Feragat ve Kabul Arasındaki Fark
Hukuk Muhakemeleri Kanunu m. 308 hükmü, “kabul”ün, davacının talep sonucuna davalının kısmen veya tamamen muvafakat etmesi olarak tanımlar. Davadan feragat ise davacının, talep sonucundan tamamen vazgeçmesidir. Feragatin geçerliliği, karşı tarafın kabul veya rızasına bağlı değildir. Oysa kabulde, davalının açık rızası bulunur. İki beyanın hukuki sonuçları farklılık gösterir. Ancak her iki beyan da, tarafların üzerinde serbestçe tasarruf edebilecekleri davalarda hüküm doğurur. İzale-i şuyu da, kural olarak tarafların üzerinde tasarruf edebileceği bir davadır. Bu sebeple, İzale-i Şuyu Davasından Feragat yahut davayı “kabul” etmek, tarafların iradelerine bırakılmıştır.
Sonuç
İzale-i şuyu davalarında feragat, davacının ortaklığın giderilmesi talebinden vazgeçmesi anlamına geldiğinden, ciddi hukuki sonuçlar doğuran bir irade beyanıdır. Özellikle temyiz aşamasında dahi feragat edilebileceği, vekil aracılığıyla feragatin ise vekâletnamede açıkça “feragate yetkili olma” ibaresini gerektirdiği unutulmamalıdır. Yargıtay, davadan feragat halinde, yerel mahkeme kararını bozarak feragat hakkında bir karar verilmek üzere dosyayı iade etmektedir. Ancak feragat beyanı yapıldıktan sonra, davalılardan herhangi biri davayı sürdürmek istediğini beyan ederse, mahkemece yargılamaya devam edilmesi ve işin esası hakkında karar verilmesi zorunludur. Davadan feragat ile temyizden vazgeçme konuları birbirinden ayrı değerlendirilmelidir. Çünkü feragatin niteliği gereği doğurduğu sonuçlar daha geniştir. Böylece, İzale-i Şuyu Davasından Feragat söz konusu olduğunda, feragat beyanının hem şekil hem kapsam hem de vekâletname yetkisi bakımından eksiksiz olması büyük önem arz eder. Çelik & Baştürk Hukuk ve Danışmanlık Ofisi olarak “İzale-i Şuyu Davasından Feragat” konusunda destek sunuyoruz. Av. Tolga ÇELİK ve Av. M. Nur BAŞTÜRK olarak müvekkillerimizin her aşamada yanındayız.

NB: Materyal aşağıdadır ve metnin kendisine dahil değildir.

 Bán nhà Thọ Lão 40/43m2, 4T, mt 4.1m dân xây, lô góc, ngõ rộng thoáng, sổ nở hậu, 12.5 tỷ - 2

İzale-i Şuyu Davasından Feragat Sık Sorulan Sorular
Davadan feragat, davanın kesin olarak bitmesi anlamına mı gelir?
Hayır. İzale-i şuyu davalarında, davacının feragati tek başına davayı kesin olarak bitirmez. Davalıların davayı sürdürmek istemesi halinde yargılamaya devam edilir.
Feragat beyanı nasıl yapılır?
HMK’ya göre feragat, yazılı dilekçeyle veya duruşmada sözlü beyanla yapılabilir. Vekil aracılığıyla yapılacaksa, vekilin özel olarak feragat yetkisi bulunmalıdır.

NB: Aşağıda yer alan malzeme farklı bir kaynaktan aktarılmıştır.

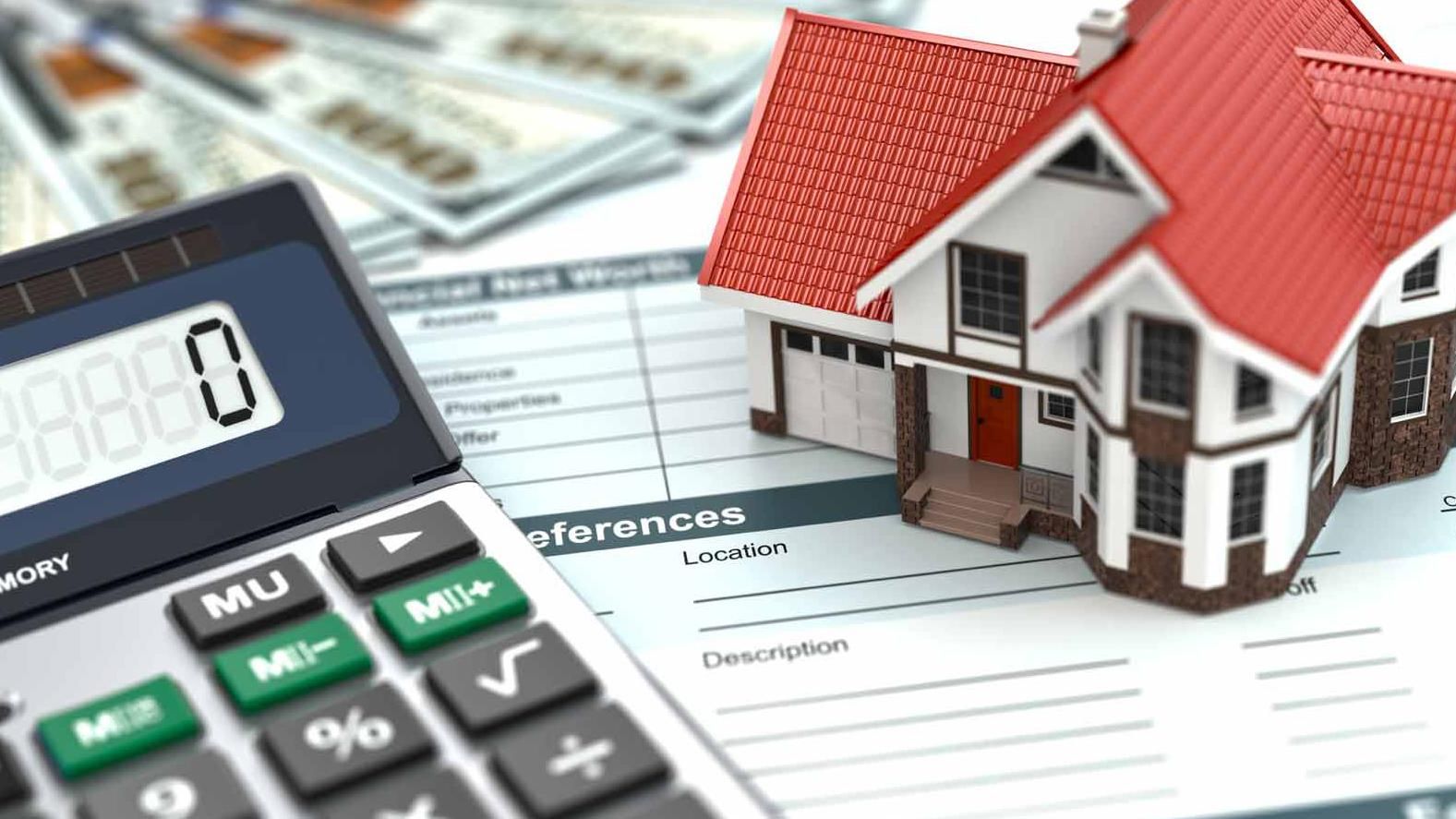 Коммунальные тарифы могут значительно вырасти в следующем году Коммунальные тарифы могут значительно вырасти в следующем году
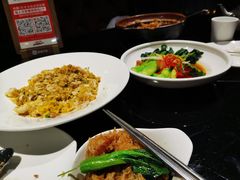 -高第街56号餐厅(美莲广场店)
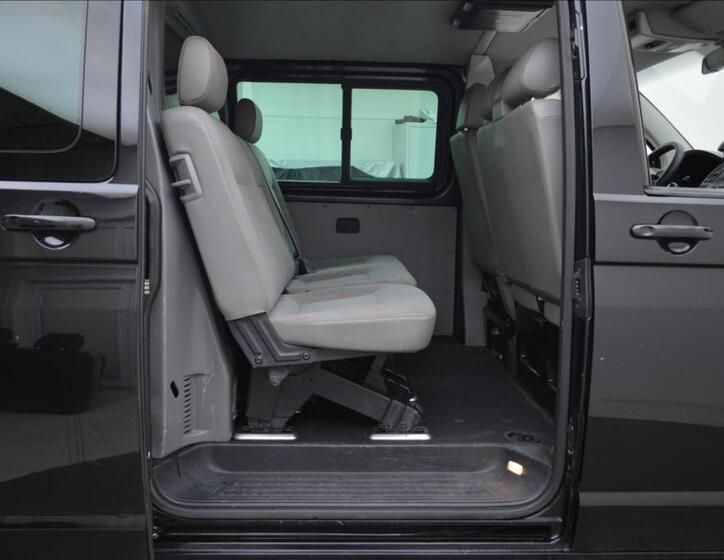 Volkswagen Transporter 25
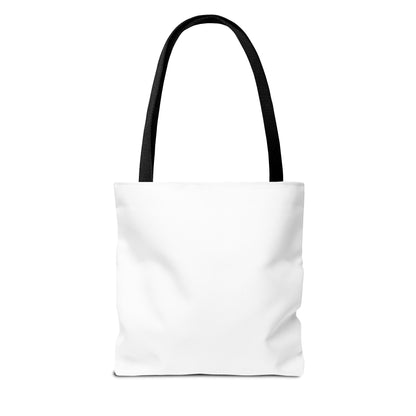 Statue Of Liberty Tote Bag (AOP)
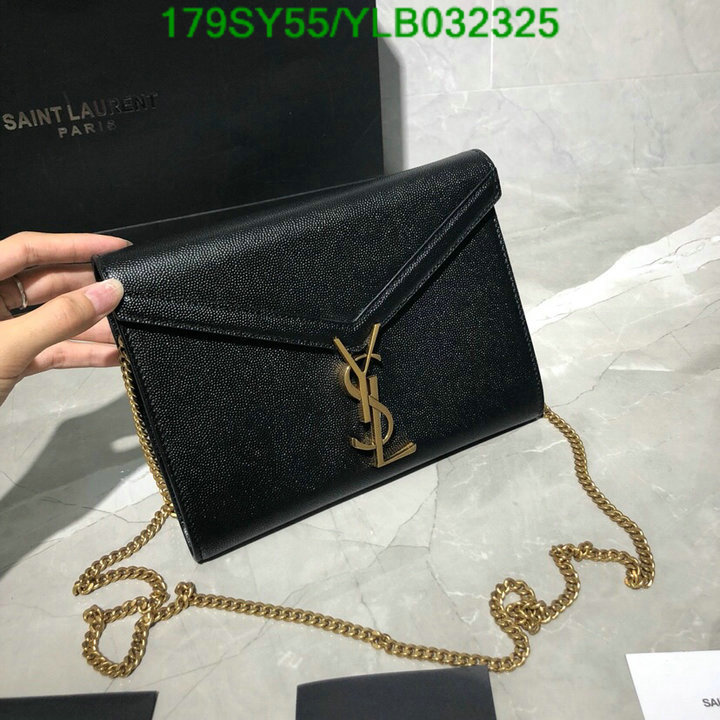 YSL Bag-(Mirror)-Cassandra,Code: YLB032325,$:179USD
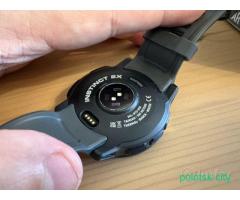 Garmin Instinct 2X Solar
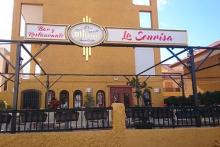 Restaurant La Sonrisa, el teu lloc de trobada en La Mata
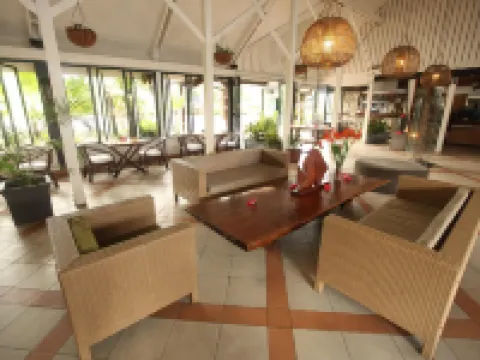 Coconut Palms Resort & Diamond Casino โรงแรมในพอร์ตวิลา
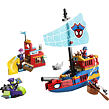 LEGO® Spidey 11208 Pirátska loď Spideyho tímu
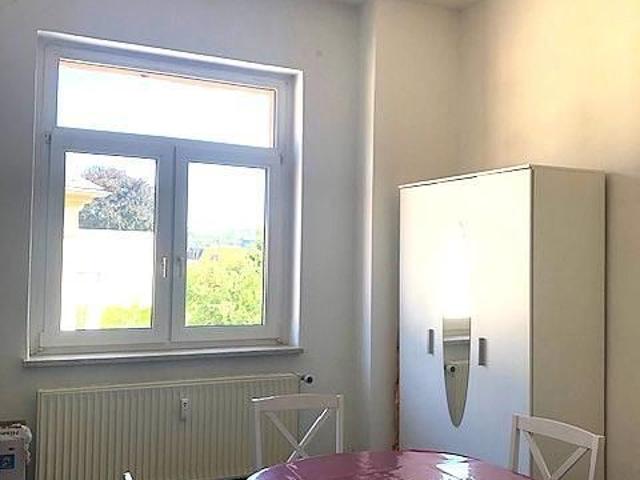Charmante 3 Raumwohnung mit Einbauküche *Bezugsfertig* Zentrum Markneukirchen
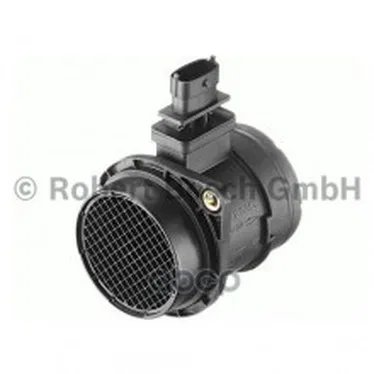 Расходомер Воздуха Ar:, Fiat: 1.3jtd/1.9jtd Bosch арт. 0281002980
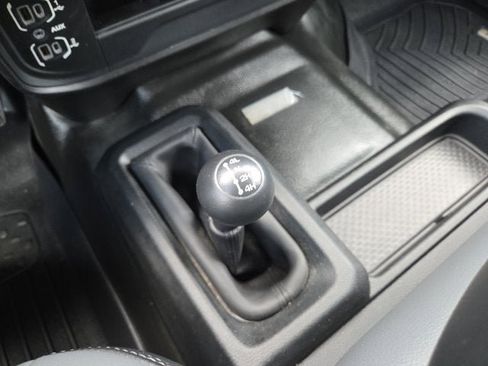 Used 2020 RAM 2500 Tradesman w/ Power Wagon Package image 16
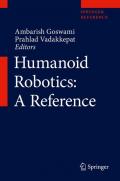 Humanoid Robotics: A Reference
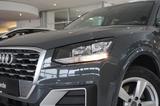 Audi Q2 1.4 TSI SPORT NAVI/SHZ/PDC/SPORT/TEMP./USB - : Geländewagen, Us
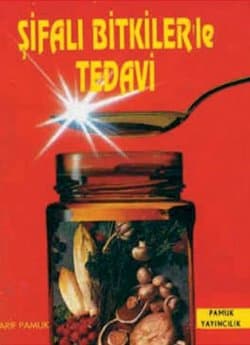 Şifalı Bitkilerle Tedavi (Cep)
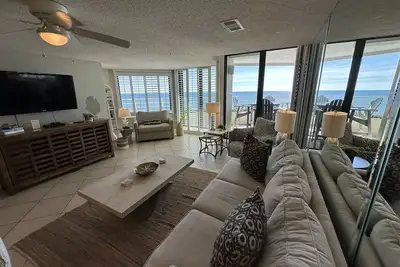 Image de Eden Condominium W 1104 Gulf Front Condo with Stunning Views!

Temyiz aşamasında feragatin sonucu nedir?
Yargıtay yerleşik kararlarına göre, temyiz safhasında İzale-i Şuyu Davasından Feragat söz konusu olursa karar bozulur ve dosya yerel mahkemeye gönderilir. Burada, feragat hakkında yeni bir hüküm kurulması sağlanır.
Davadan feragat ve temyiz isteğinden vazgeçme arasındaki fark nedir?

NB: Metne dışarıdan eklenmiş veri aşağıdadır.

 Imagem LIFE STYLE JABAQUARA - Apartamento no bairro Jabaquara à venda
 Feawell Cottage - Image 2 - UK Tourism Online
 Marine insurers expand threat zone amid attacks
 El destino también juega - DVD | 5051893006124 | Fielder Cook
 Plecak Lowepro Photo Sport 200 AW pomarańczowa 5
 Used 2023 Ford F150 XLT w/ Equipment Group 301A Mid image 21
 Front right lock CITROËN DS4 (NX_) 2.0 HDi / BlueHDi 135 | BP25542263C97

Feragat, davanın esasından vazgeçme anlamına gelir ve hükmün bozulması gerektiğini doğurur. Temyizden vazgeçme ise sadece temyiz talebinin geri çekilmesi olup, dilekçenin reddiyle sonuçlanır.
Feragat için karşı tarafın onayına gerek var mı?
Hayır. Feragat, tek taraflı bir hukuki işlemdir. Davalıların onay veya kabul beyanları aranmaz. Ancak davalılar, dava konusu taşınmazın ortaklığının giderilmesi talebini sürdürmek isterse yargılama devam eder.